TASK DIRECTIONS: Please reproduce all of the data below exactly, leaving each picture out.

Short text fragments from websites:
########################################

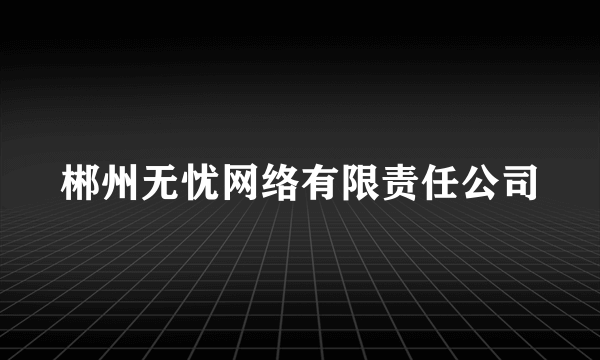 郴州无忧网络有限责任公司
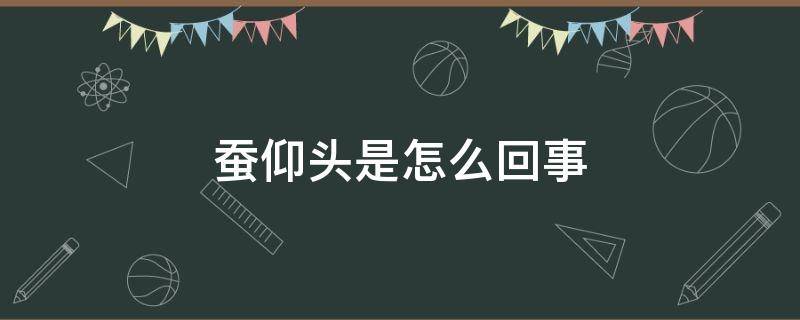 蚕仰头是怎么回事 蚕仰起头是怎么了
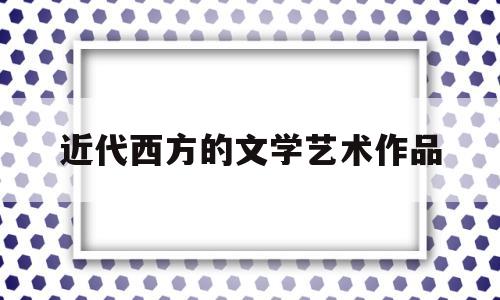 近代西方的文学艺术作品(近代西方的文学艺术作品包括)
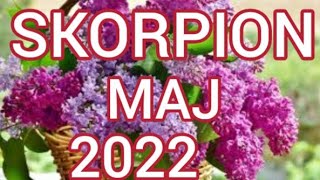 SKORPION - horoskop na MAJ 2022! TAROT!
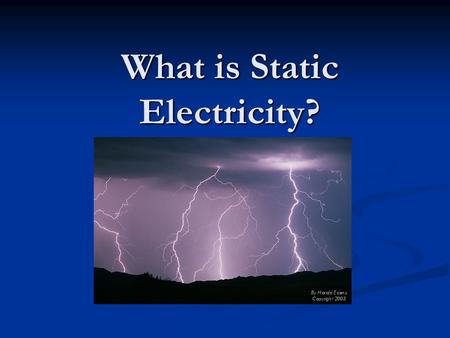 What is Static Electricity?. Static Electricity is… A stationary build-up of electric charge (electrons) on a material A stationary build-up of electric.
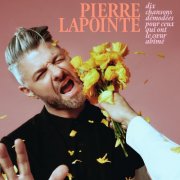 Pierre Lapointe - Dix chansons démodées pour ceux qui ont le cœur abîmé (2025) [Hi-Res]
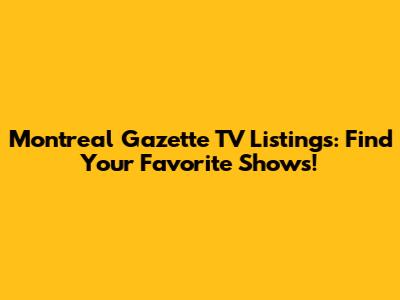Montreal Gazette TV Listings: Find Your Favorite Shows!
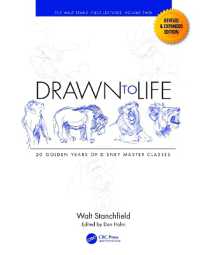 Drawn to Life: 20 Golden Years of Disney Master Classes : Volume 2: The Walt Stanchfield Lectures （2ND）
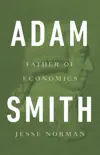 Adam Smith synopsis, comments
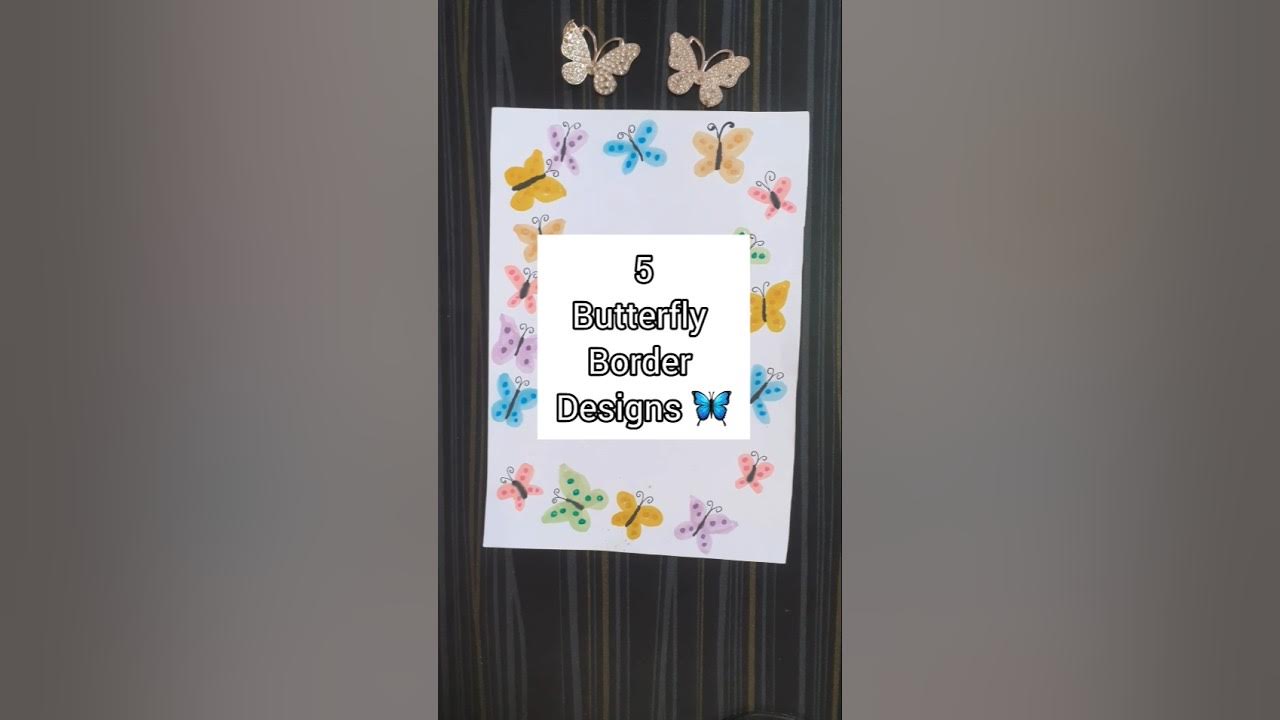 Butterfly border designs for school projects and assignments frontpage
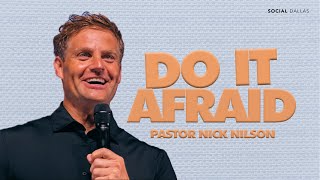 Do it Afraid I Nick Nilson I Social Dallas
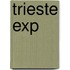 Trieste Exp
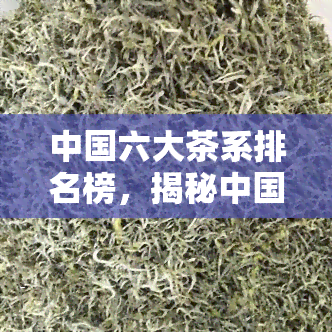 中国六大茶系排名榜，揭秘中国六大茶系排名榜，哪种茶更受欢迎？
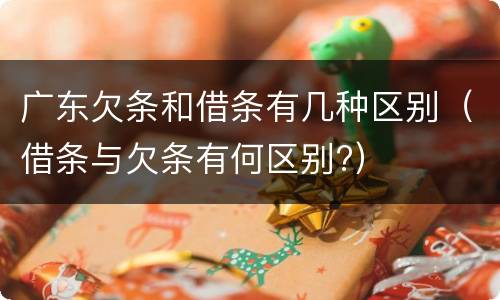 广东欠条和借条有几种区别（借条与欠条有何区别?）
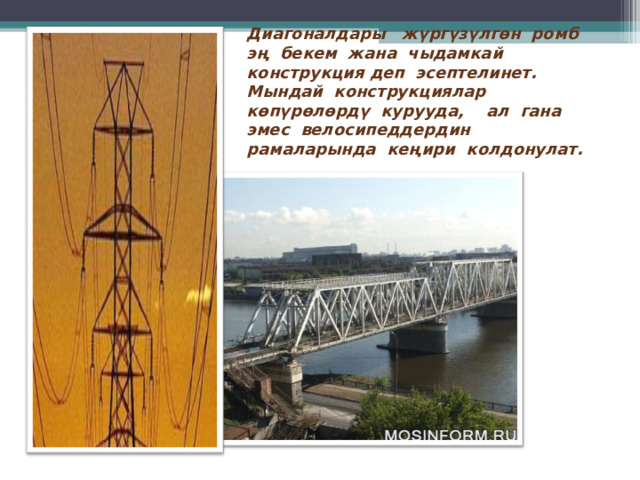 Диагоналдары ж үргүзүлгөн р омб эң бекем жана чыдамкай конструкция деп эсептелинет. Мындай конструкциялар көпүрөлөрдү курууда, ал гана эмес велосипеддердин рамаларында кеңири колдонулат.  
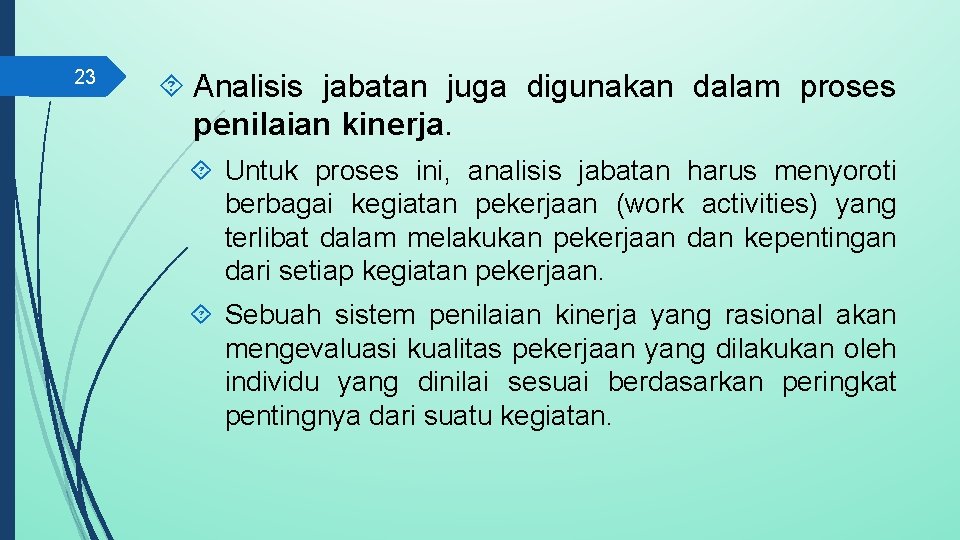 23 Analisis jabatan juga digunakan dalam proses penilaian kinerja. Untuk proses ini, analisis jabatan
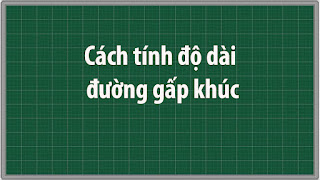 Cách tính độ dài đường gấp khúc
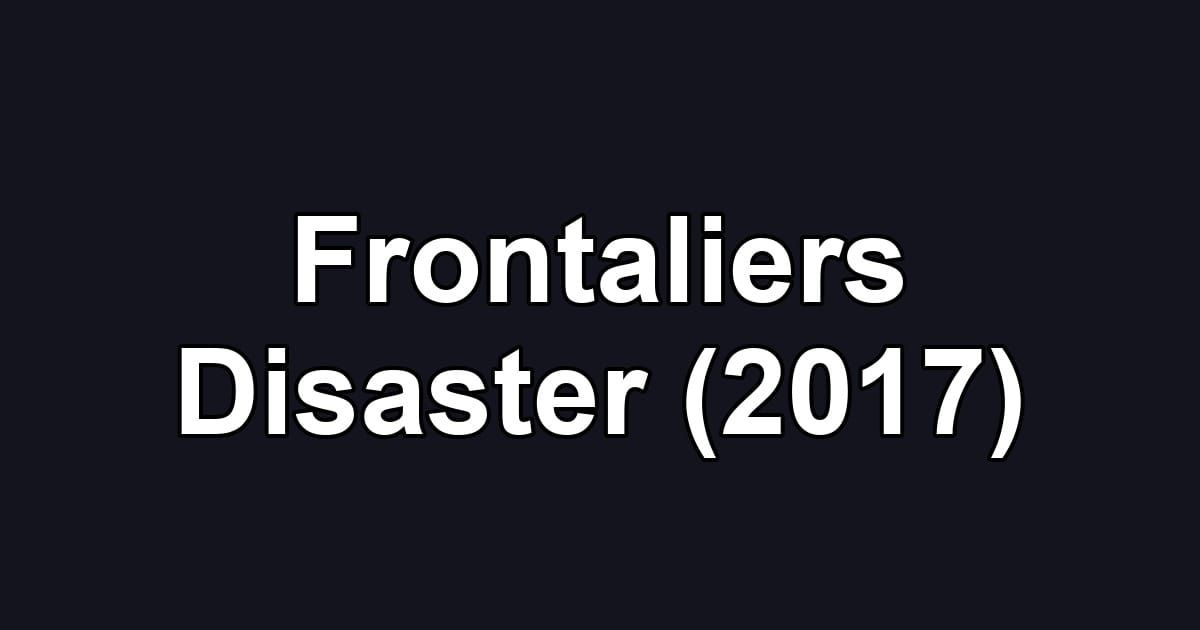 Frontaliers Disaster (2017)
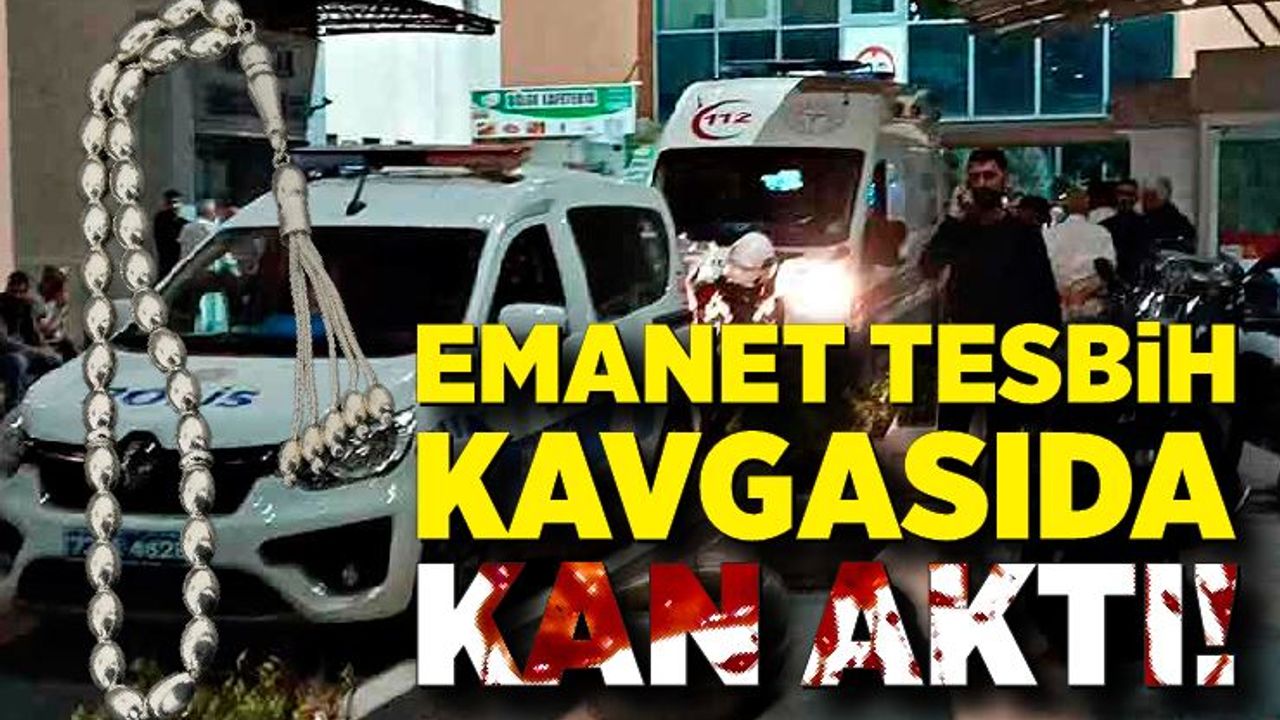 Tespih kavgası kanlı bitti: 1 yaralı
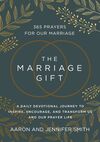 Marriage Gift: 365 Prayers for Our Marriage - A Daily Devotional Journey to Inspire, Encourage, and Transform Us and Our Prayer Life
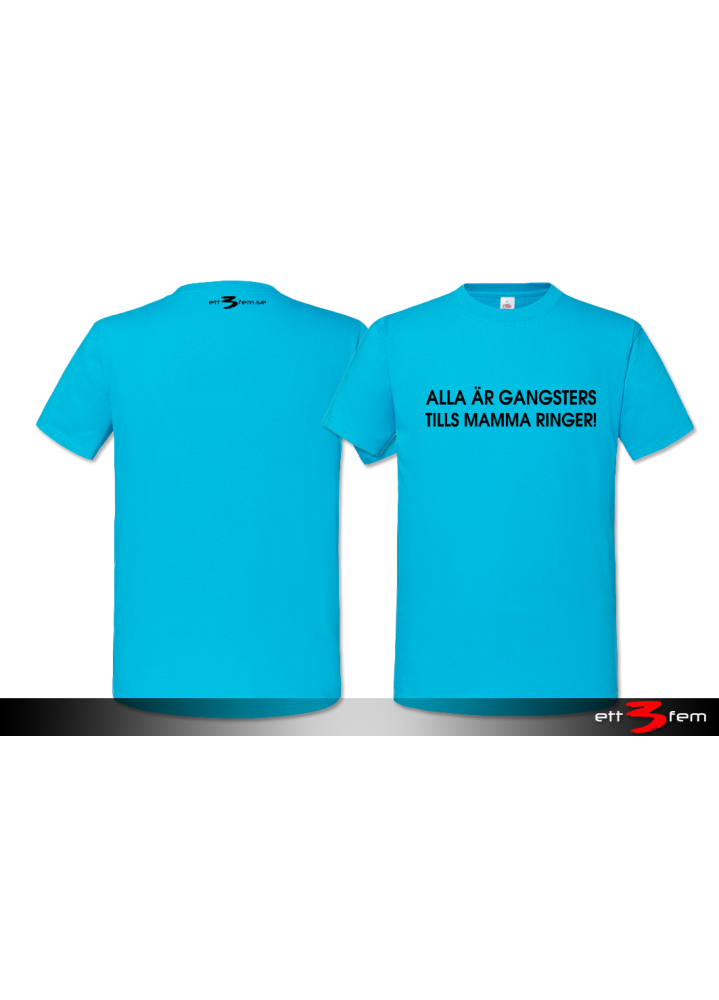T-Shirt "Alla är gangsters"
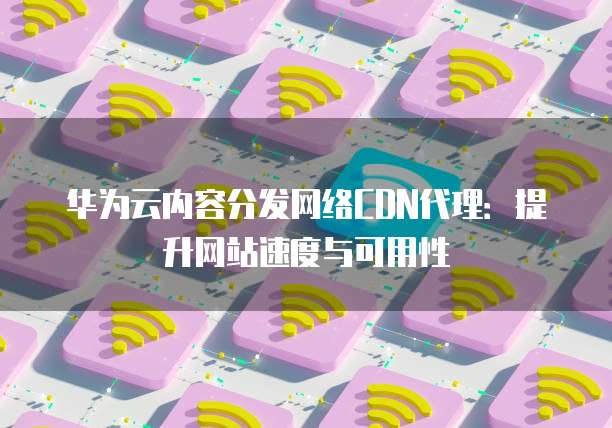 华为云内容分发网络CDN代理:提升网站速度与可用性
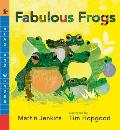 Fabulous Frogs: Read and Wonder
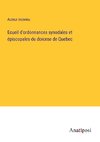 Ecueil d'ordonnances synodales et épiscopales du doicese de Quebec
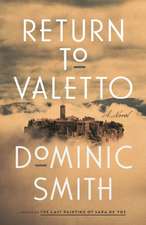 Smith, D: Return to Valetto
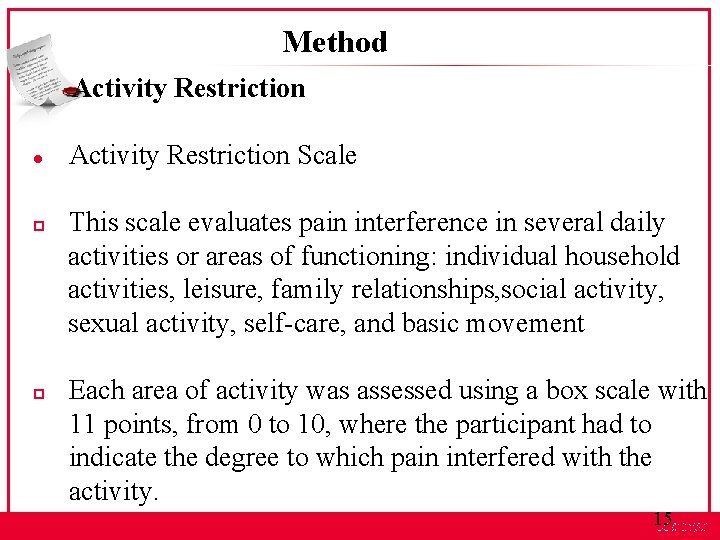 Method Activity Restriction l p p Activity Restriction Scale This scale evaluates pain interference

########################################

TASK RESPONSE:
 郴州无忧网络有限责任公司
 蚕仰头是怎么回事 蚕仰起头是怎么了
 近代西方的文学艺术作品(近代西方的文学艺术作品包括)
 SKORPION - horoskop na MAJ 2022! TAROT!
 What is Static Electricity?. Static Electricity is… A stationary build-up of electric charge (electrons) on a material A stationary build-up of electric.
 Pierre Lapointe - Dix chansons démodées pour ceux qui ont le cœur abîmé (2025) [Hi-Res]
Montreal Gazette TV Listings: Find Your Favorite Shows!
 Drawn to Life: 20 Golden Years of Disney Master Classes : Volume 2: The Walt Stanchfield Lectures （2ND）
 Adam Smith synopsis, comments
 Butterfly border designs for school projects and assignments frontpage
 Do it Afraid I Nick Nilson I Social Dallas
 Trieste Exp
 中国六大茶系排名榜，揭秘中国六大茶系排名榜，哪种茶更受欢迎？
 广东欠条和借条有几种区别（借条与欠条有何区别?）
 Диагоналдары ж үргүзүлгөн р омб эң бекем жана чыдамкай конструкция деп эсептелинет. Мындай конструкциялар көпүрөлөрдү курууда, ал гана эмес велосипеддердин рамаларында кеңири колдонулат.  
 23 Analisis jabatan juga digunakan dalam proses penilaian kinerja. Untuk proses ini, analisis jabatan
 Cách tính độ dài đường gấp khúc
 Frontaliers Disaster (2017)
 Tespih kavgası kanlı bitti: 1 yaralı
 Marriage Gift: 365 Prayers for Our Marriage - A Daily Devotional Journey to Inspire, Encourage, and Transform Us and Our Prayer Life
T-Shirt "Alla är gangsters"
 华为云内容分发网络CDN代理:提升网站速度与可用性
 Fabulous Frogs: Read and Wonder
 Ecueil d'ordonnances synodales et épiscopales du doicese de Quebec
 Smith, D: Return to Valetto
 Method Activity Restriction l p p Activity Restriction Scale This scale evaluates pain interference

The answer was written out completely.